Work instruction
Please copy the lines below, exactly as they are, from the one with "8598 Regency Drive NW" through the one with "Know About Corrie", and leave out the pictures.

Data to process
==========

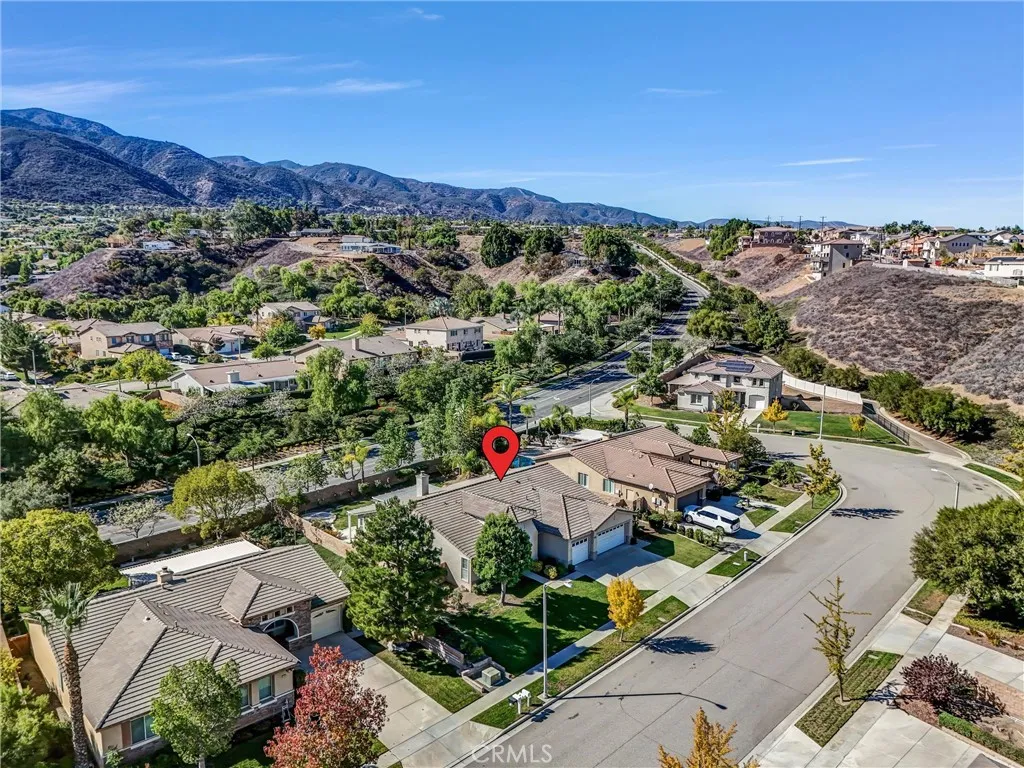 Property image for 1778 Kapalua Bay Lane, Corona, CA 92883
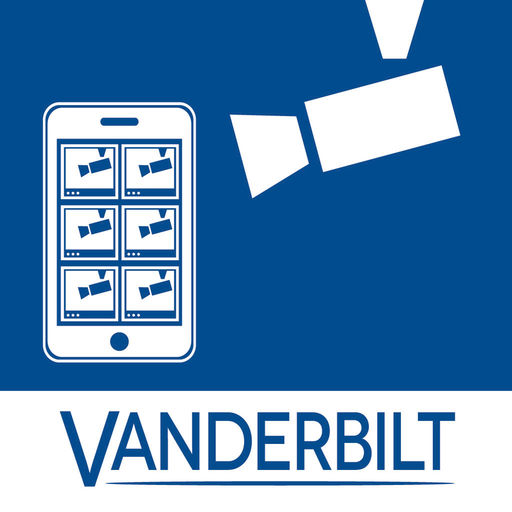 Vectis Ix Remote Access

==========

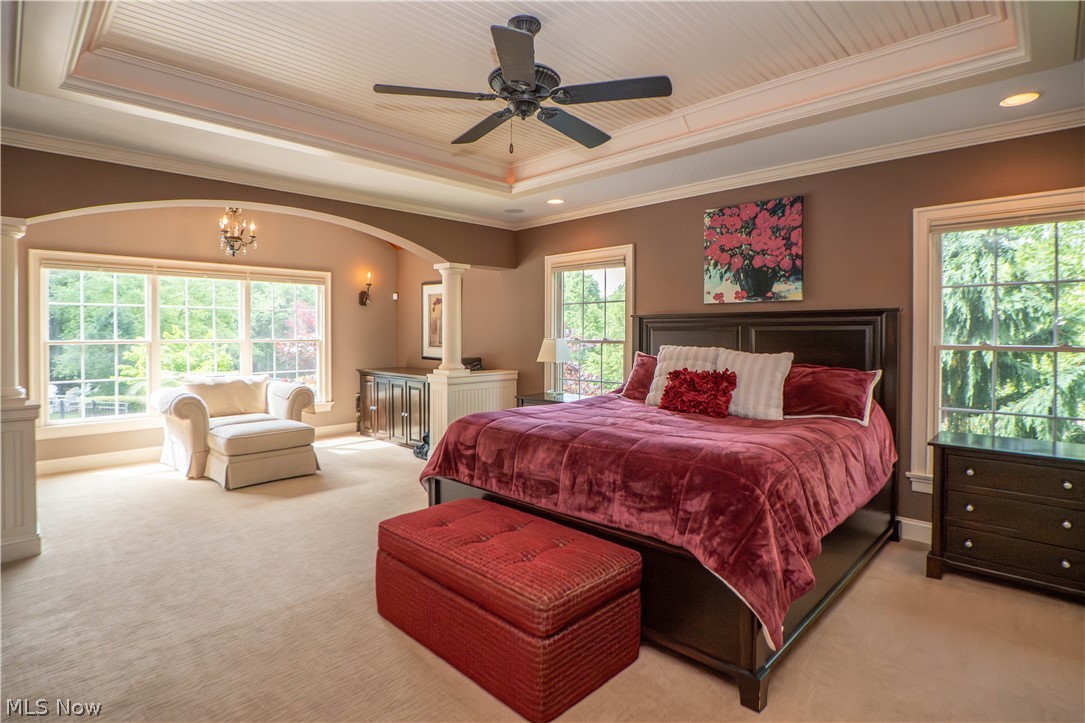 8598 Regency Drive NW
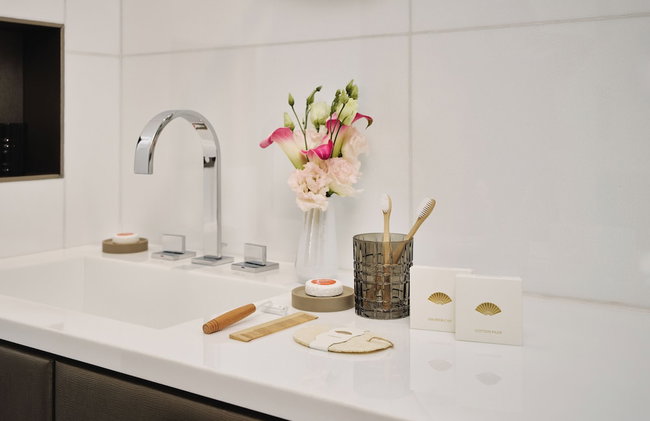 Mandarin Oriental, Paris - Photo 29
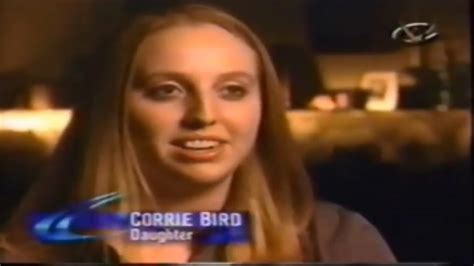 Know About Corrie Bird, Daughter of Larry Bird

==========

Response area
 8598 Regency Drive NW
 Mandarin Oriental, Paris - Photo 29
 Know About Corrie Bird, Daughter of Larry Bird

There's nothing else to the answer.